Synopsis: Hairway to Heaven is a collection of short stories revolving around life on Martin Luther King Jr. Boulevard in Portland, Oregon. The neighborhood, which mostly houses poor African-Americans and their businesses, is undergoing gentrification. While some seek to revitalize the area, others are only interested in their own personal gain. However, at the heart of the neighborhood (and each of the stories) are individuals who are more or less just like everyone else: they simply want to make their world a little better. 

It can be more difficult to review a story collection than a novel. There are new characters introduced every few pages, and just when you think you’re getting the hang of who this character really is and their story, it’s over. Not in the sense that they all die in the end (they don’t), but the reader is only given a few bites of each character’s story, and must put them together in their own mind in order to create a full meal.

Each of the stories is well written and centers around a fictional resident of a poor side of Portland, Oregon. Surprisingly, by the end of each story, I usually felt like I understood the character. These stories were not just thrown together, but rather intentionally crafted to build upon one another and create a bigger picture of the area. Each character’s story adds to the larger story Somlo is telling: that of the neighborhood as a whole. Unfortunately, I was a little disappointed in how similar some of the characters sounded. There is very little distinction from one character to the next; obviously the fact that the stories were all written by the same author makes some similarities expected, but I still expect each character to have their own unique voice and personality.

I love what Somlo is doing in this book, and how she goes about it. That said, I did not enjoy each of the stories individually. However, I am not convinced that this actually takes away from what Somlo is intending to say. Not all of life is pretty, clean, or nice. Similarly, many of the stories deal with situations that are also none of the above. This is a raw look at the human condition and how it plays out in a single town as an example. It is clear and well-displayed, if not exactly pleasant.

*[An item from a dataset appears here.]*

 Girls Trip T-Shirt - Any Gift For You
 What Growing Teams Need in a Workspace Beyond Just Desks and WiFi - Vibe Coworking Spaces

Somlo does not exclusively show the negative side of humanity though; there is hope, striving, growth, education, and discovery alongside betrayal, loss, fear, and pain. There are people who continue to make mistakes, and people who learn from their mistakes.

If you are interested in lifelike short stories which examine humanity from an honest standpoint, then Hairway to Heaven is definitely worth your time. The writing style is easy to read, but some of the topics are not. In telling the story of a neighborhood through the lives of individuals, Somlo is also telling the story of identity: the identity the neighborhood used to have, the one it has grown into, and that of the individuals who are seeking to either maintain or change the neighborhood today. Change is rarely easy, and when it comes with unclear or questionable motives, it can make life even more difficult for the most vulnerable.

When reading Hairway to Heaven Stories, I encourage you to try to do so with a wide-angle focus. Instead of focusing on each character’s situation and the brief story they tell, listen to what each of the stories together has to say about the neighborhood. Then, listen to the stories of people in your own neighborhood. There is always something to be learned from listening to those around us. By doing so, we just might understand ourselves and our environment a little bit better.


Disclaimer: I received a free copy of this book in exchange for an honest review.